_What you are asked to do_
Repeat verbatim, and only, the lines of the data below, beginning at the line that contains "Skifahrer-Familie in der" and stopping after the line that contains "9440 E Plum Harbor Way, Tamarac, FL 33321".

_Records_
^^^^^^^^^^^^^^^^
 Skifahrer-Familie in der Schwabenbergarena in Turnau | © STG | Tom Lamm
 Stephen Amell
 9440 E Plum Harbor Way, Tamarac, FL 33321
^^^^^^^^^^^^^^^^
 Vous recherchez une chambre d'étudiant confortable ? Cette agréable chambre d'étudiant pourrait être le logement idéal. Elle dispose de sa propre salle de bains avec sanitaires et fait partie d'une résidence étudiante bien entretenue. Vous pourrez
^^^^^^^^^^^^^^^^
_Solution to this task_
 Skifahrer-Familie in der Schwabenbergarena in Turnau | © STG | Tom Lamm
 Stephen Amell
 9440 E Plum Harbor Way, Tamarac, FL 33321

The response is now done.